0) Motivation, Object and Related works:
Motivation:
With the advent of deep learning, many dense prediction tasks, i.e. tasks that produce pixel-level predictions, have seen significant performance improvements.
Typical approach: learn these tasks in isolation, that is, a separate neural network is trained for each individual task.
Yet, recent multi-task learning (MTL) techniques have shown promising results w.r.t. performance, computations and/or memory footprint, by jointly tackling multiple tasks through a learned shared representation.
Objectives:
In this survey, we provide a well-rounded view on state-of-the-art deep learning approaches for MTL in computer vision, explicitly emphasizing on dense prediction tasks.
Contributions
First, we consider MTL from a network architecture point-of-view. We include an extensive overview and discuss the advantages/disadvantages of recent popular MTL models.
Second, we examine various optimization methods to tackle the joint learning of multiple tasks. We summarize the qualitative elements of these works and explore their commonalities and differences.
Finally, we provide an extensive experimental evaluation across a variety of dense prediction benchmarks to examine the pros and cons of the different methods, including both architectural and optimization based strategies.
Introduction:
Multi-Task Learning (MTL) aims to improve such generalization by leveraging domain-specific information contained in the training signals of related tasks.
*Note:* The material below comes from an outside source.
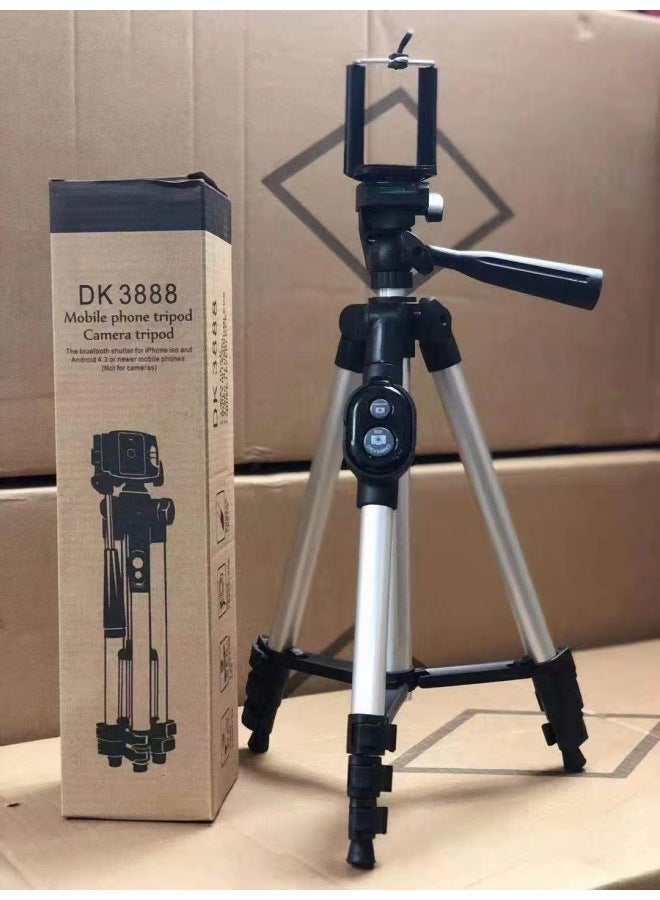 Mobile Phone Stand Tripod 3110 Mobile Phone Live Broadcast Stand Outdoor Floor Fishing Light Gold Support Stand - Image 1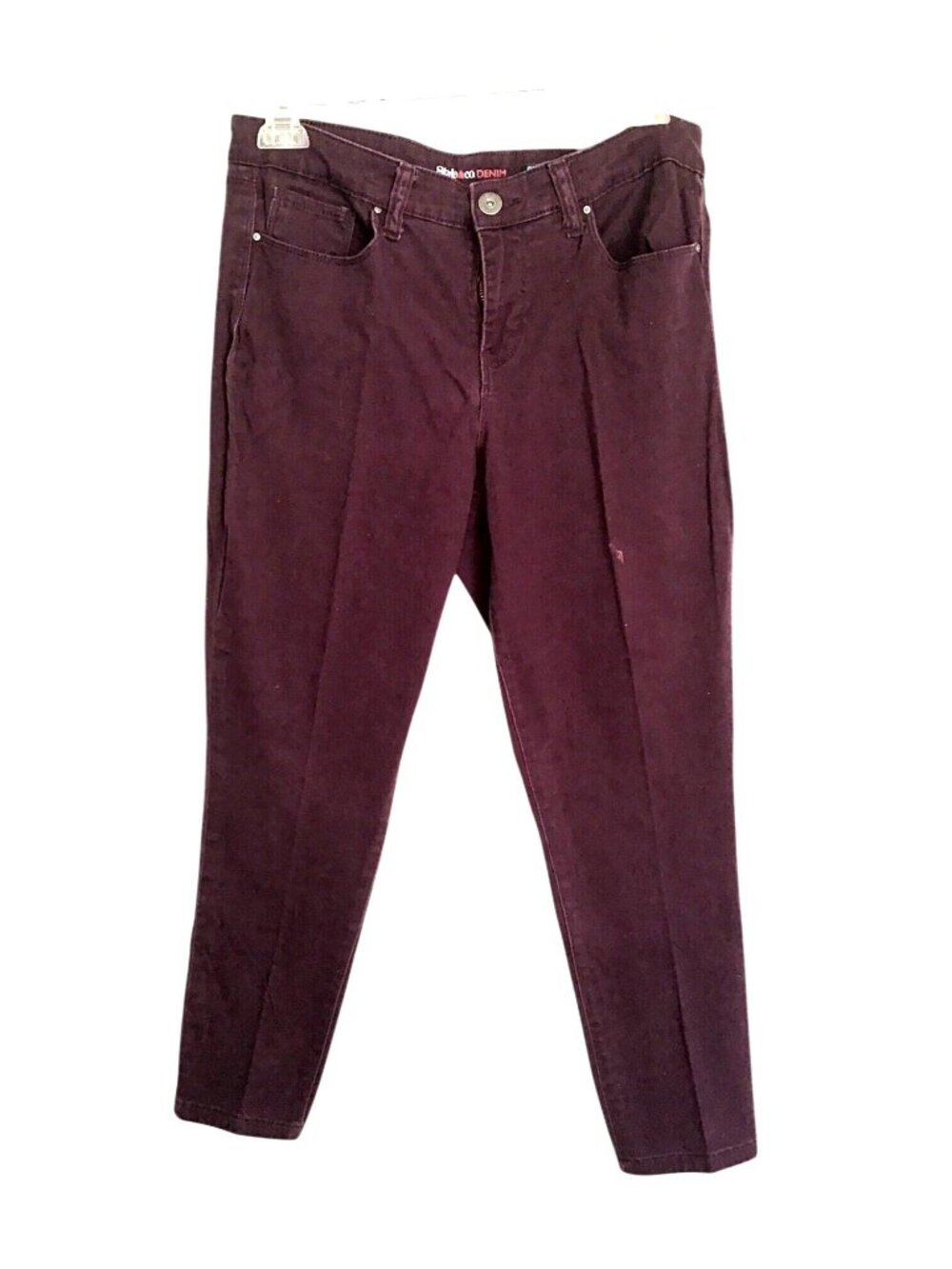 STYLE & CO- WOMENS PLUM SKINNY LEG DENIM JEANS SIZE 8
In the deep learning era, MTL translates to designing networks capable of learning shared representations from multi-task supervisory signals.
Compared to the single-task case, where each individual task is solved separately by its own network, such multi-task networks bring several advantages to the table.
First, due to their inherent layer sharing, the resulting memory footprint is substantially reduced.
Second, as they explicitly avoid to repeatedly calculate the features in the shared layers, once for every task, they show increased inference speeds.
Most importantly, they have the potential for improved performance if the associated tasks share complementary information, or act as a regularizer for one another.
Tackling multiple dense prediction tasks differs in several aspects from solving multiple classification tasks.
First, as jointly learning multiple dense prediction tasks is governed by the use of different loss functions, unlike classification tasks that mostly use cross-entropy losses, additional consideration is required to avoid a scenario where some tasks overwhelm the others during training.
Second, opposed to image-level classification tasks, dense prediction tasks can not be directly predicted from a shared global image representation [35], which renders the network design more difficult.
Third, pixel-level tasks in scene understanding often have similar characteristics [14], and these similarities can potentially be used to boost the performance under a MTL setup. A popular example is semantic segmentation and depth estimation [13].
Related works:
MTL has been the subject of several surveys [30], [31], [36], [37]
In [30], Caruana showed that MTL can be beneficial as it allows for the acquisition of inductive bias through the inclusion of related additional tasks into the training pipeline. The author showcased the use of MTL in artificial neural networks, decision trees and k-nearest neighbors methods, but this study is placed in the very early days of neural networks, rendering it outdated in the deep learning era.
Ruder [36] gave an overview of recent MTL techniques (e.g. [5], [6], [9], [19]) applied in deep neural networks.
In the same vein, Zhang and Yang [31] provided a survey that includes feature learning, low-rank, task clustering, task relation learning, and decomposition approaches for MTL. Yet, both works are literature review studies without an empirical evaluation or comparison of the presented techniques.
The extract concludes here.